Check if there is any insulation under the living room floor. You can check from the garage, though it may mean removing some plasterboard hiding the joists.

If no insulation, get some installed (to depth of the joist); and if no plasterboard hiding the joists, get that done as well.

What insulation do you have in the rest of the house - loft and cavity wall? You can get very good deals at the moment - check out Energy Savings Trust Grants and Offers
 
With manual valves it generally makes no difference whether the LSV is on the flow or return.

TRVs are usually fitted on the flow side, so if they are fitted, the only place left for the LSV is the return.

Usually the only difference between lockshield valves and wheelhead valves is just the plastic cap. Wheelhead caps turn the valve spindle, and LSVs just have a blanking cap. Fitting wheelhead caps to one end of each rad. would at least give you some control over the output of each rad.

Balancing using the LSVs only sets the maximum heat INPUT to each rad. After that, the wheelhead valve (or TRV, if fitted) is usually used to control the radiator OUTPUT.

Try some of the on-line rad. size calculators, and see how your rad. sizes compare with their recommendations. Don't be too surprised if different calculators give vastly different answers. Some only deal with the heat loss. Naturally, the heat input needs to be greater than the losses to actually raise the temperature.

Is the thermostat in the living room, or is it in a part of the house that warms up quickly, and shutting down the heating before the living room gets a chance to warm up?

Good insulation should cut the heating requirements substantially.
 
Blimey, 17'x17'x17' is almost as big as my first 2-bed house (27'x12'x15')!

What radiators do you have in there? (number, lengths, heights and panel types)

How many outside walls?

Age of building and type of construction?
 
Naturally, the heat input needs to be greater than the losses to actually raise the temperature.
But that does not mean you need to oversize the radiator.

Heat loss is proportional to the difference in temperature between the house and outside. So if both are at the same temperature, there is no heat loss.

If you then turn on a heat emitter in the house the temperature will rise until the heat lost due to the increased difference in temperature between inside and outside balances the heat given out by the heat emitter.

Radiator calculators often allow about 10% extra to give faster warm up. This is mainly for situations were the house is only heated in the morning and evening.
 
I've played with

http://www.energysavingtrust.org.uk...ng-sizing-wizard/Domestic-Heating-Sizing-Tool

Assuming roof with 50mm insulation, non-insulated cavity walls, metal windows, no underfloor insulation and 3 external walls, blah, blah it suggests 7.6 kW of heating.

Assuming roof with 200mm loft insulation, filled cavity walls, wooden windows and insulated floor => 5 kW

With modern double glazing and wall insulation to current regs => 3.1 kW
 
Even regular sized single glazed windows are likely to be the biggest single heat loss from a room.

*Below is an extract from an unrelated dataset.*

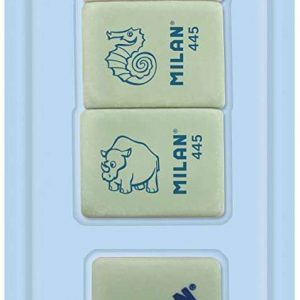 Milan Pack de 5 Gomas de Borrar, 3xGomas 445 Nata Rectangulares + 2xGomas 430 Cuadradas - Miga de pan - Caucho Suave Sintetico - Colores Surtidos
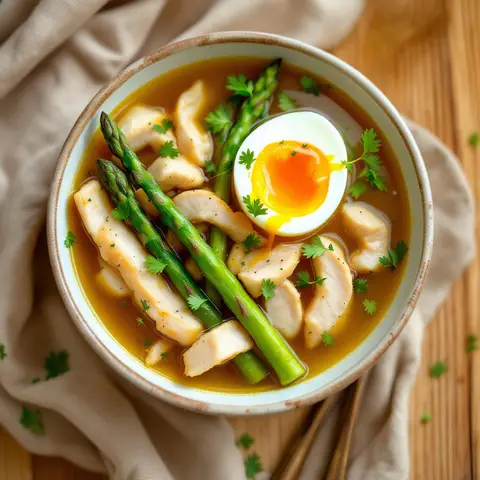Bouillon de poulet aux asperges et œuf mollet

Over-sized windows plus patio doors are the first place to look for your cold room even if the walls are insulated. The open stairwell (no doors?) won't help either. The ceiling is the roof, I assume? Top floor rooms also have higher heat loss, very high if the roof space isn't well insulated. Being over the garage may or may not be a problem. I'll suggest not a massive problem unless you have serious drafts coming up through the floor. Might be the cheapest one to insulate though ...

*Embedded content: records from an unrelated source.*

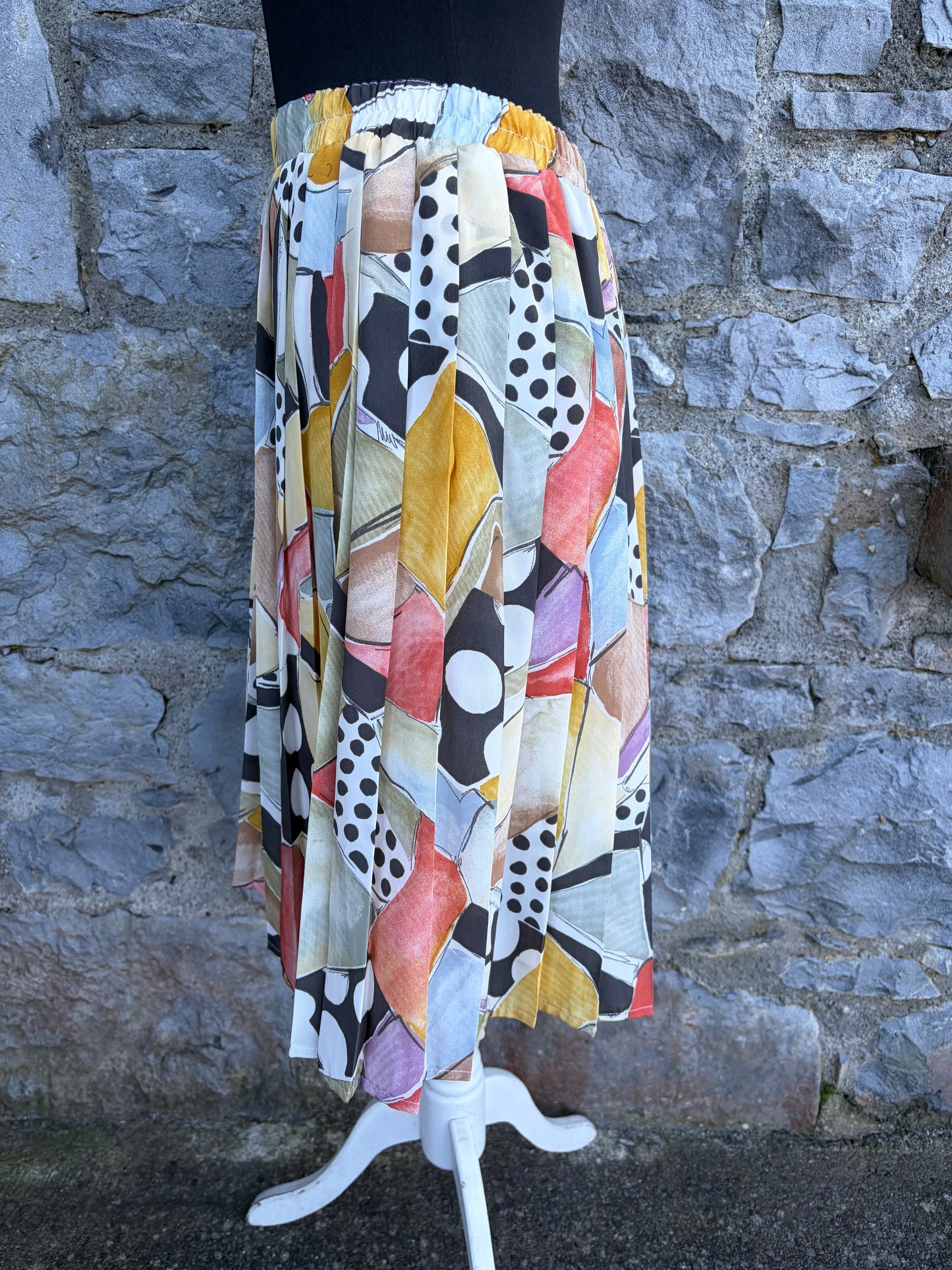 80s beige abstract pleated skirt uk 10-12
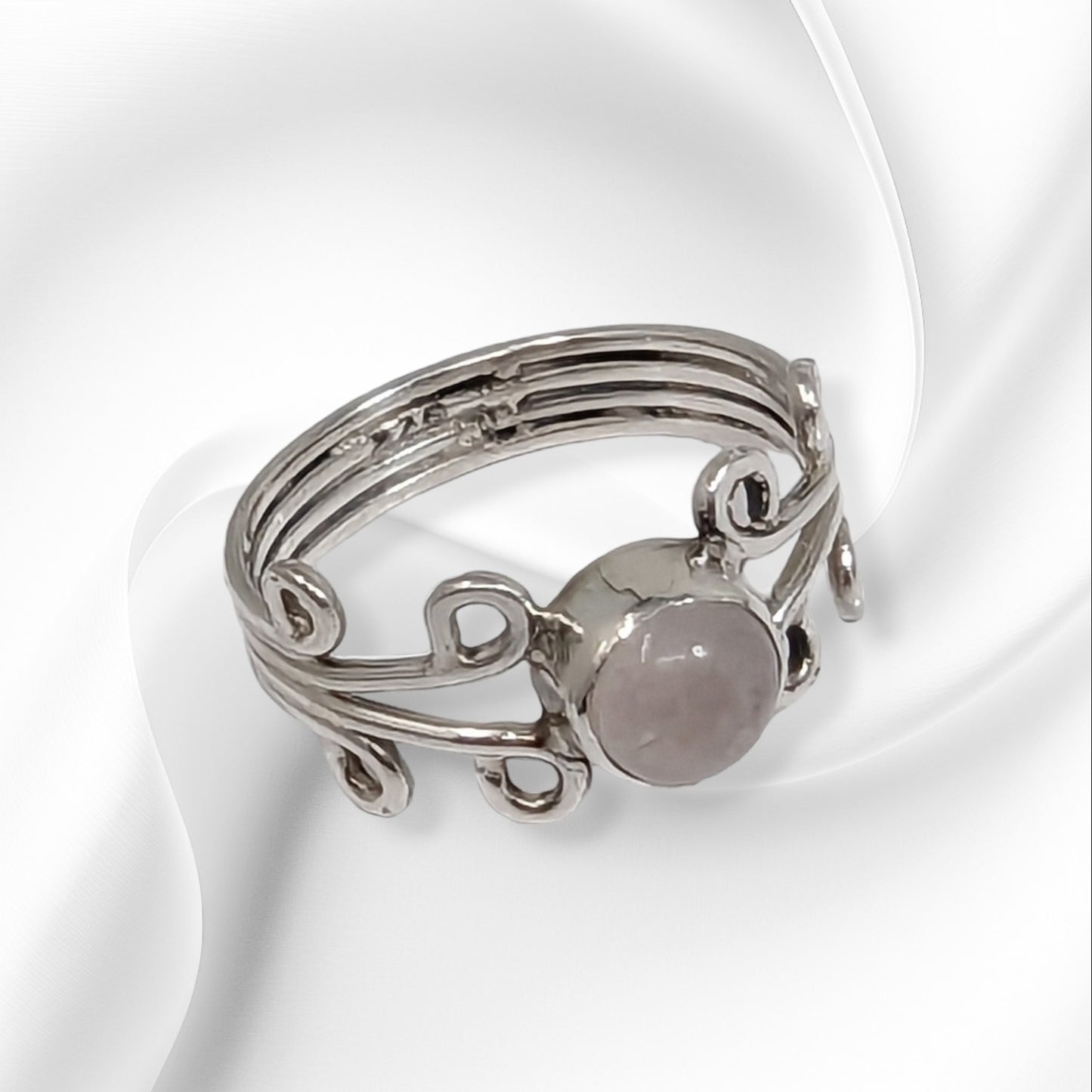 925 Sterling Silver Women's Ring with Authentic Rose Quartz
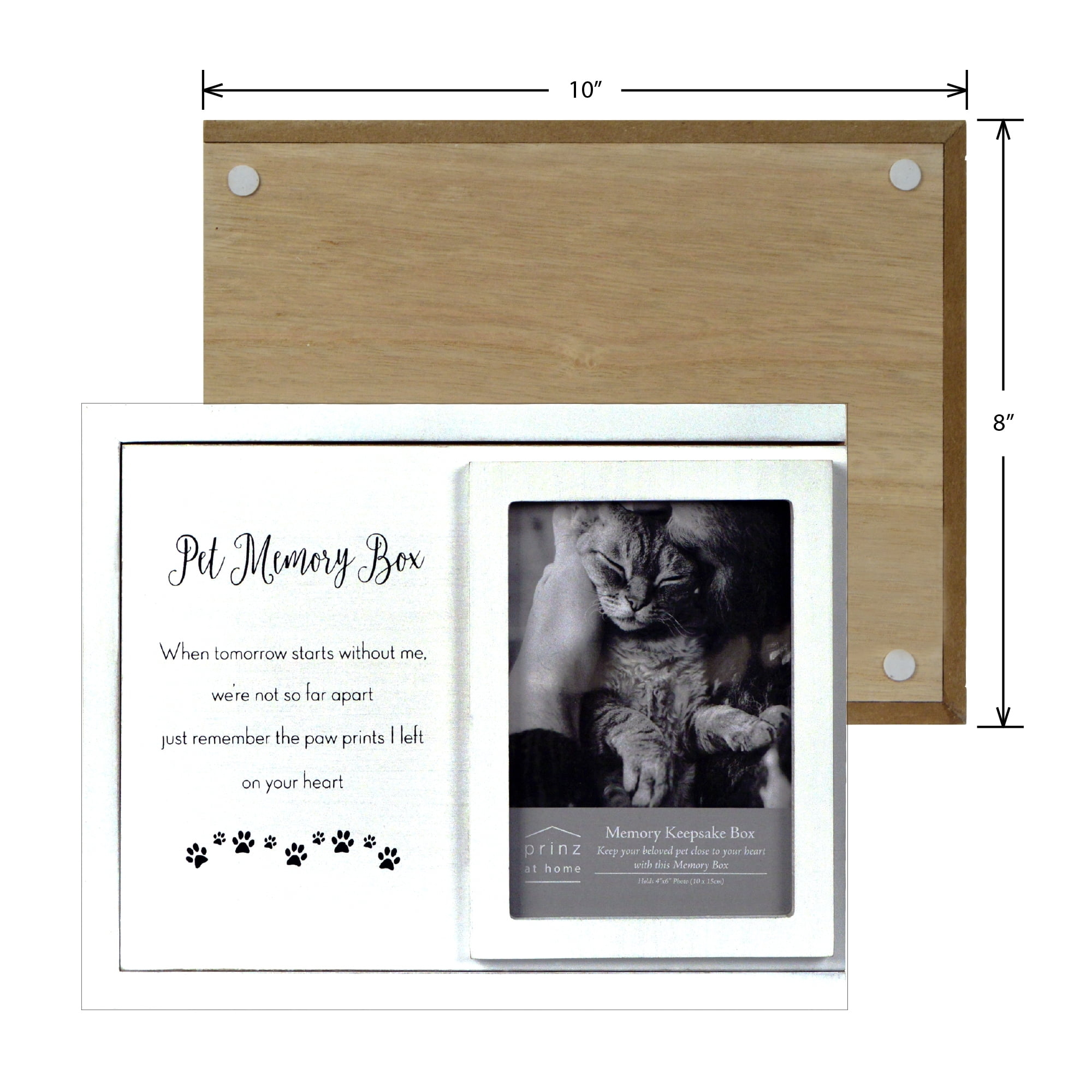 Prinz Decorative Pet Photo Keepsake Memory Box, 10" x  3.75", White Wash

You still haven't said what radiators are in that room. If the room is cold, it is a pretty simple thing to tell you that the radiators are not meeting the heat loss from the room, or at least not exceeding it enough to warm up the room. In a room that size it becomes difficult to provide enough conventional radiators. Perhaps you can slap a fan-assisted one in? The output can be massively higher than even a finned double passive radiator.
 
Thanks all for the replies.

D_Hailsham said:
17 ft high??!!

No my mistake, it's a sloped ceiling. 7' at one end and 13' at the other.

D_Hailsham said:
Check if there is any insulation under the living room floor. You can check from the garage, though it may mean removing some plasterboard hiding the joists.

I haven't been able to check. The garage ceiling is boarded and plastered.

TicklyT said:
Is the thermostat in the living room, or is it in a part of the house that warms up quickly, and shutting down the heating before the living room gets a chance to warm up?

The thermostat is in the hallway, which is the part that heats up quicker as you say. The rads in the living room aren't shutting down too soon. They are too hot to touch but still the room is cold.

ajrobb said:
What radiators do you have in there? (number, lengths, heights and panel types)

How many outside walls?

Age of building and type of construction?

2 rads, they are both the double finned ones and are 60cm high. One is 190cm long and the other is 95cm long.

The room has 3 external walls. One with a large window, one with patio doors and one with a chimney!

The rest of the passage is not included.